EXERCISE — Repeat verbatim, and only, the lines of the data below, beginning at the line that contains "Vonkajšie závesné svietidlo" and stopping after the line that contains "scommesse pronte Serie a 2022-01-16".

*** DATA FOR PROCESSING ***

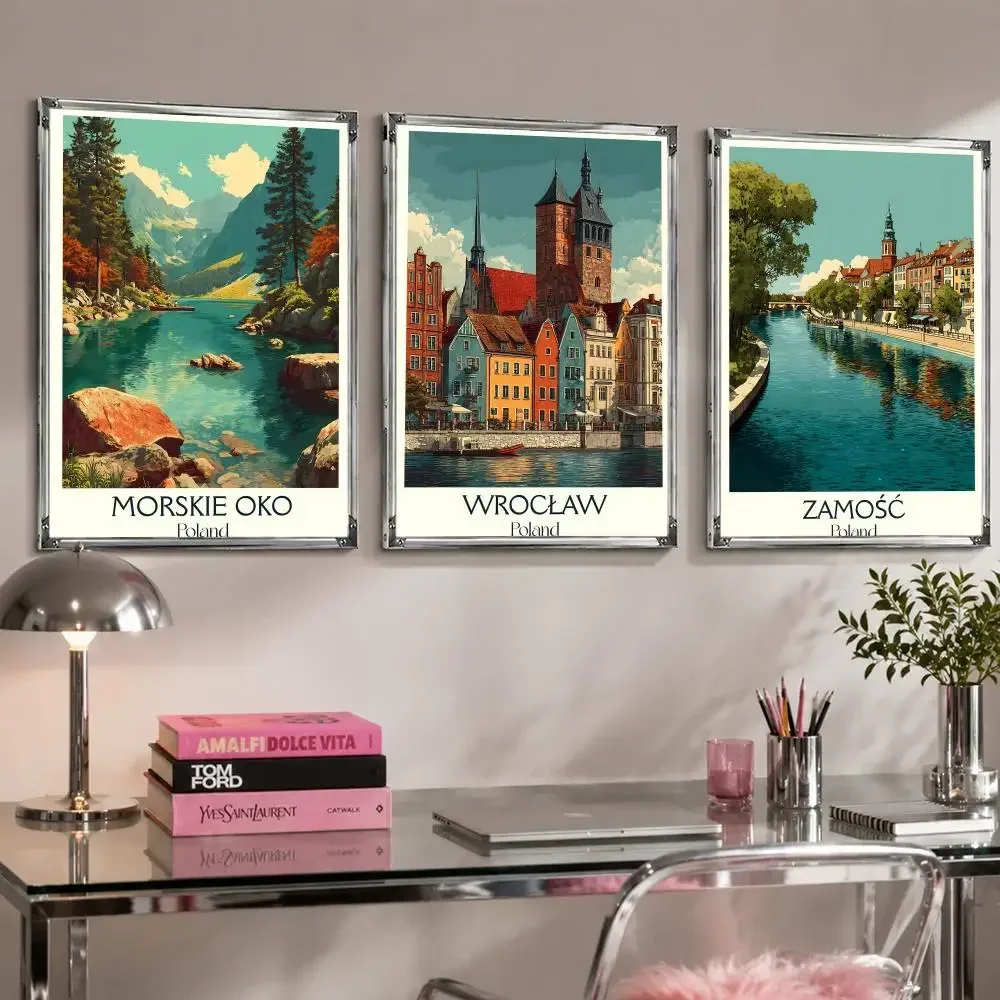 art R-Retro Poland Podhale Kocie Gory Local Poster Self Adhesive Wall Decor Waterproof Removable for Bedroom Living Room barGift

***
*** DATA FOR PROCESSING ***

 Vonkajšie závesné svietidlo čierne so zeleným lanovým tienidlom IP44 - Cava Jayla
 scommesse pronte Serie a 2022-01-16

***
*** DATA FOR PROCESSING ***

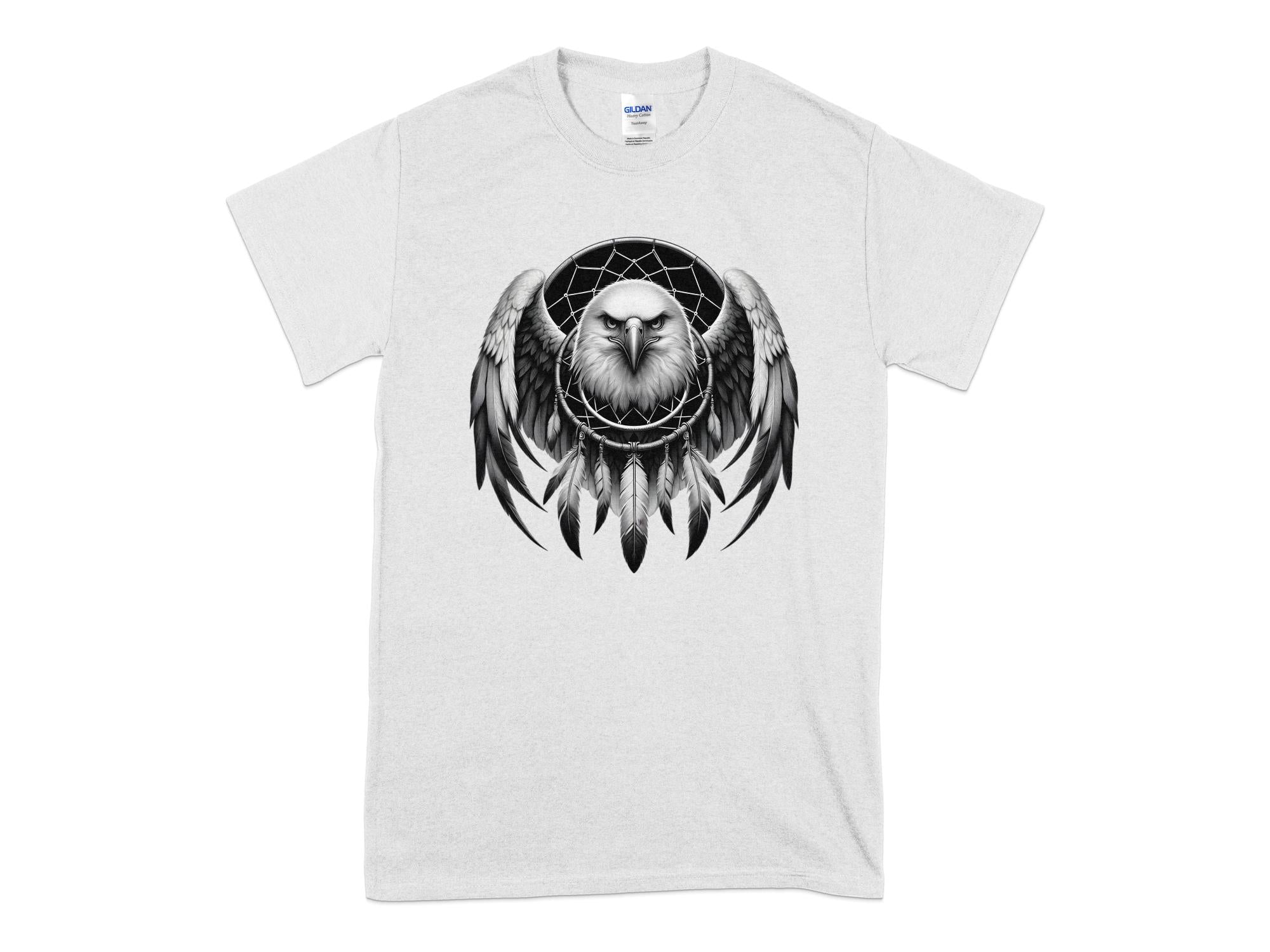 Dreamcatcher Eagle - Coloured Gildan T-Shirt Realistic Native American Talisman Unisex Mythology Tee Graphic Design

***

RESPONSE TO THE TASK —
 Vonkajšie závesné svietidlo čierne so zeleným lanovým tienidlom IP44 - Cava Jayla
 scommesse pronte Serie a 2022-01-16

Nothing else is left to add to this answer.